About this task:
All of the records should be given again exactly as they appear.

Data records:
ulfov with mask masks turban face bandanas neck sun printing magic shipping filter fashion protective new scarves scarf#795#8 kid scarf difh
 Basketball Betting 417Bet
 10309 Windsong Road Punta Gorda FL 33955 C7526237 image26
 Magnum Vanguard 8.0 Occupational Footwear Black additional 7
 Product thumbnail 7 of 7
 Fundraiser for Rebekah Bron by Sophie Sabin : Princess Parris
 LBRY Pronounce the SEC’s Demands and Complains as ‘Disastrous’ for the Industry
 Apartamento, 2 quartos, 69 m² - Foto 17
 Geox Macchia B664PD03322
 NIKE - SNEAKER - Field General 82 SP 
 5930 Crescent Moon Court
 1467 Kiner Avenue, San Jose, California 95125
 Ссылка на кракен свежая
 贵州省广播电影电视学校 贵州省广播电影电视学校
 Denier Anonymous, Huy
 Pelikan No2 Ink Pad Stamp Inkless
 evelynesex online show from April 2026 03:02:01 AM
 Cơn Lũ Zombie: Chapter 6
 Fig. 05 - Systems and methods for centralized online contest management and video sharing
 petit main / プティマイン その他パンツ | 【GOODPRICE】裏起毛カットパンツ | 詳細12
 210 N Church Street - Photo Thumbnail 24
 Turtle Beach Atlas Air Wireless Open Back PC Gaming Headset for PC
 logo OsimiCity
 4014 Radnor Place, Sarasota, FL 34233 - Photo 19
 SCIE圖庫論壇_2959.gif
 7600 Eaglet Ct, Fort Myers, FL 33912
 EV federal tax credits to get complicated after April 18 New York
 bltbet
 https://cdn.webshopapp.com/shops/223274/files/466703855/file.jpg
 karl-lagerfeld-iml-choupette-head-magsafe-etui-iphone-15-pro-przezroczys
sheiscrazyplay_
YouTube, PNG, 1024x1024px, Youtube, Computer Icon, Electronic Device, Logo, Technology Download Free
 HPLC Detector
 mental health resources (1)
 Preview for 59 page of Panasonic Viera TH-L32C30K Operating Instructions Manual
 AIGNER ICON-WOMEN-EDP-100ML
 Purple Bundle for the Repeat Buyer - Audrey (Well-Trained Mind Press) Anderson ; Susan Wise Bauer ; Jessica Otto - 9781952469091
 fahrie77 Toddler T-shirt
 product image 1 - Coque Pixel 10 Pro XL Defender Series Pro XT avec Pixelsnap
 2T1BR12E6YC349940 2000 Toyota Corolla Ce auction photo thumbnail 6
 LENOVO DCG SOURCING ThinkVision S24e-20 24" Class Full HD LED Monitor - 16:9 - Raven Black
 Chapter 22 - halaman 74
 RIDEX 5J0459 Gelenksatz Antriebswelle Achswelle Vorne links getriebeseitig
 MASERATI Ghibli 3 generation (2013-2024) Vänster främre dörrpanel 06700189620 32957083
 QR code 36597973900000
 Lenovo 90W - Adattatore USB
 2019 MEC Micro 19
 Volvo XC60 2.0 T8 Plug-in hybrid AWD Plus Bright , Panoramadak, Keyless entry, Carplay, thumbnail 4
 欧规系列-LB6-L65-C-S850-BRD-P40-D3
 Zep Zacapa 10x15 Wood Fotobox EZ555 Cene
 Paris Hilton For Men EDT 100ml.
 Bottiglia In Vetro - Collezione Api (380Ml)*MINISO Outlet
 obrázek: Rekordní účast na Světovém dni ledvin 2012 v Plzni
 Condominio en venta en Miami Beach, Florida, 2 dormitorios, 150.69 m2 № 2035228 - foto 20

Answer to this exercise:
ulfov with mask masks turban face bandanas neck sun printing magic shipping filter fashion protective new scarves scarf#795#8 kid scarf difh
 Basketball Betting 417Bet
 10309 Windsong Road Punta Gorda FL 33955 C7526237 image26
 Magnum Vanguard 8.0 Occupational Footwear Black additional 7
 Product thumbnail 7 of 7
 Fundraiser for Rebekah Bron by Sophie Sabin : Princess Parris
 LBRY Pronounce the SEC’s Demands and Complains as ‘Disastrous’ for the Industry
 Apartamento, 2 quartos, 69 m² - Foto 17
 Geox Macchia B664PD03322
 NIKE - SNEAKER - Field General 82 SP 
 5930 Crescent Moon Court
 1467 Kiner Avenue, San Jose, California 95125
 Ссылка на кракен свежая
 贵州省广播电影电视学校 贵州省广播电影电视学校
 Denier Anonymous, Huy
 Pelikan No2 Ink Pad Stamp Inkless
 evelynesex online show from April 2026 03:02:01 AM
 Cơn Lũ Zombie: Chapter 6
 Fig. 05 - Systems and methods for centralized online contest management and video sharing
 petit main / プティマイン その他パンツ | 【GOODPRICE】裏起毛カットパンツ | 詳細12
 210 N Church Street - Photo Thumbnail 24
 Turtle Beach Atlas Air Wireless Open Back PC Gaming Headset for PC
 logo OsimiCity
 4014 Radnor Place, Sarasota, FL 34233 - Photo 19
 SCIE圖庫論壇_2959.gif
 7600 Eaglet Ct, Fort Myers, FL 33912
 EV federal tax credits to get complicated after April 18 New York
 bltbet
 https://cdn.webshopapp.com/shops/223274/files/466703855/file.jpg
 karl-lagerfeld-iml-choupette-head-magsafe-etui-iphone-15-pro-przezroczys
sheiscrazyplay_
YouTube, PNG, 1024x1024px, Youtube, Computer Icon, Electronic Device, Logo, Technology Download Free
 HPLC Detector
 mental health resources (1)
 Preview for 59 page of Panasonic Viera TH-L32C30K Operating Instructions Manual
 AIGNER ICON-WOMEN-EDP-100ML
 Purple Bundle for the Repeat Buyer - Audrey (Well-Trained Mind Press) Anderson ; Susan Wise Bauer ; Jessica Otto - 9781952469091
 fahrie77 Toddler T-shirt
 product image 1 - Coque Pixel 10 Pro XL Defender Series Pro XT avec Pixelsnap
 2T1BR12E6YC349940 2000 Toyota Corolla Ce auction photo thumbnail 6
 LENOVO DCG SOURCING ThinkVision S24e-20 24" Class Full HD LED Monitor - 16:9 - Raven Black
 Chapter 22 - halaman 74
 RIDEX 5J0459 Gelenksatz Antriebswelle Achswelle Vorne links getriebeseitig
 MASERATI Ghibli 3 generation (2013-2024) Vänster främre dörrpanel 06700189620 32957083
 QR code 36597973900000
 Lenovo 90W - Adattatore USB
 2019 MEC Micro 19
 Volvo XC60 2.0 T8 Plug-in hybrid AWD Plus Bright , Panoramadak, Keyless entry, Carplay, thumbnail 4
 欧规系列-LB6-L65-C-S850-BRD-P40-D3
 Zep Zacapa 10x15 Wood Fotobox EZ555 Cene
 Paris Hilton For Men EDT 100ml.
 Bottiglia In Vetro - Collezione Api (380Ml)*MINISO Outlet
 obrázek: Rekordní účast na Světovém dni ledvin 2012 v Plzni
 Condominio en venta en Miami Beach, Florida, 2 dormitorios, 150.69 m2 № 2035228 - foto 20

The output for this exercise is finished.